I  missed the glycerin part - with that you double MUST have a preservative as that is a humectant and will help draw moisture out of the air (think steamy, hot bathroom) and it will be even more likely to end up with water in it.

and yes - without an emulsifier and a good beating the glycerin will separate out.


----------



## renaissancemom (Jan 4, 2010)

would adding citric acid work as a preservative?


----------



## flowerpower (Jan 5, 2010)

renaissancemom said:
			
		

> would adding citric acid work as a preservative?



No. Citric acid is a pH adjuster, not a preservative.


----------



## renaissancemom (Jan 6, 2010)

not to beat this subject to death, but any suggestions for "natural" preservatives? would rosemary oil extract or something similar work?


----------



## Tabitha (Jan 6, 2010)

I have seen bath bombs at 25% citric grow mold.


----------



## dagmar88 (Jan 7, 2010)

renaissancemom said:
			
		

> not to beat this subject to death, but any suggestions for "natural" preservatives? would rosemary oil extract or something similar work?



No; rosemary oil extract is, like vitamine E, an antioxidant. 
And those do exactly what their name implies: slowing down or preventing oxidation by neutralizing free radicals. 
They do not have anti-bacterial properties, nor do they prevent mold & yeast growth.

To my knowledge, there is no 'natural' broad-spectrum preservative available at this time.

As far as I'm concerned the most important thing when using/giving away/selling products is that they are safe for use.
You cannot ensure safety without using a preservative or by replacing proper preservatives with vit E/ROE/GSE when a formula needs it.

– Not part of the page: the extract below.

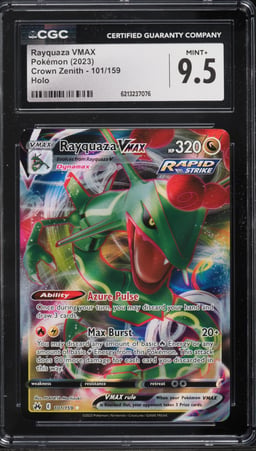 2023 Pokemon Sword & Shield Crown Zenith Holo Rayquaza VMAX #101 CGC 9.5 MINT+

For more info on different preservatives, go to www.lotioncrafter.com.


----------



## carebear (Jan 7, 2010)

there are one or two that seemed promising - from what I"ve read - but they apparently have a horrendous odor.  so not so great after all.


----------



## dagmar88 (Jan 7, 2010)

Yes, I've looked into natural preservatives a bit too; but looking at the ingredients they are either less natural than you'd think or they have downsides that make them pretty much unusable...


----------



## Zenobiah (Jan 7, 2010)

Oh yes. I wish. Only thing you can look for are preservatives with as few harmful side-effects as possible, or make your products in a way that doesn't require them (aka Shea butter with no water, solid scrub, lotion bars, etc.)


----------



## Bukawww (Mar 18, 2010)

What about a lotion cube with sugar in it?  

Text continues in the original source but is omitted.